A cab driver picked up a man with a thin mustache on East Ponce de Leon Avenue. The man asked to be taken to the intersection of 13th Street and Crescent Avenue. Later, the man changed his mind and said he wanted to go to East Point. Make up your mind, the cab driver said. With that, the man got out of the cab and used a baseball bat to smash the passenger window and mirror. Also, he didn’t pay his fare of $6.50. The man fled on foot.

At the intersection of Chantilly Drive and Cheshire Bridge Road, an officer saw a 53-year-old man throw a piece of paper on the ground. The man was arrested for littering and taken to jail.

An officer was parked on Boulevard when he saw a car whiz by, going way too fast. The officer followed the car and pulled it over. The officer looked in the passenger seat and saw a small child who wasn’t wearing a seatbelt. The driver, a man in his 20s, said he didn’t have a driver’s license.

Then some other people showed up. They said they knew the driver. According to the report, “They said they just came from a ball game and that the driver was their children’s coach, but they did not know what his name was other than Shawty-Pimp.”

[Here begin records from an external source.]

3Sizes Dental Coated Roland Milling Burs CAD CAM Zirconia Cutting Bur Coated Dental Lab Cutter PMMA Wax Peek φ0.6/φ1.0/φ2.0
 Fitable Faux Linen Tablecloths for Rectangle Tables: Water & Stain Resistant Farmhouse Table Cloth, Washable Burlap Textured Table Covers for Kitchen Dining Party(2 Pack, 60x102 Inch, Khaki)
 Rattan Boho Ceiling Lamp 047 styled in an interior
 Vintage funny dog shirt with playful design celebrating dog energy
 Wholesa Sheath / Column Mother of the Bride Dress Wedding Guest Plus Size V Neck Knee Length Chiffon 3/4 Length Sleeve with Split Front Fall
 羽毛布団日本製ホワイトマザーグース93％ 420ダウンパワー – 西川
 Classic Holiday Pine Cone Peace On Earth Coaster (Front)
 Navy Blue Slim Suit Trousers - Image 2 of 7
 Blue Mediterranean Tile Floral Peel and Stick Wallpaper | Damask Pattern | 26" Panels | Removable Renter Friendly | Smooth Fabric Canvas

Another man arrived and said he was the coach and the driver was his assistant. During the arrest, the driver gave a fake name and several fake birth dates because he thought there was a warrant out on him. Also, a computer check revealed that there was no insurance on the car. The driver went to jail.

A 56-year-old woman stopped at a gas station on Hill Street to put air in her tire. A man she’d never met before asked if he could give her a hand. While he walked over, she put her purse on the ground. He grabbed her purse and said, “Thanks, lady.” Then he took off running.

All items in The Blotter are taken from actual Atlanta police reports and are public record.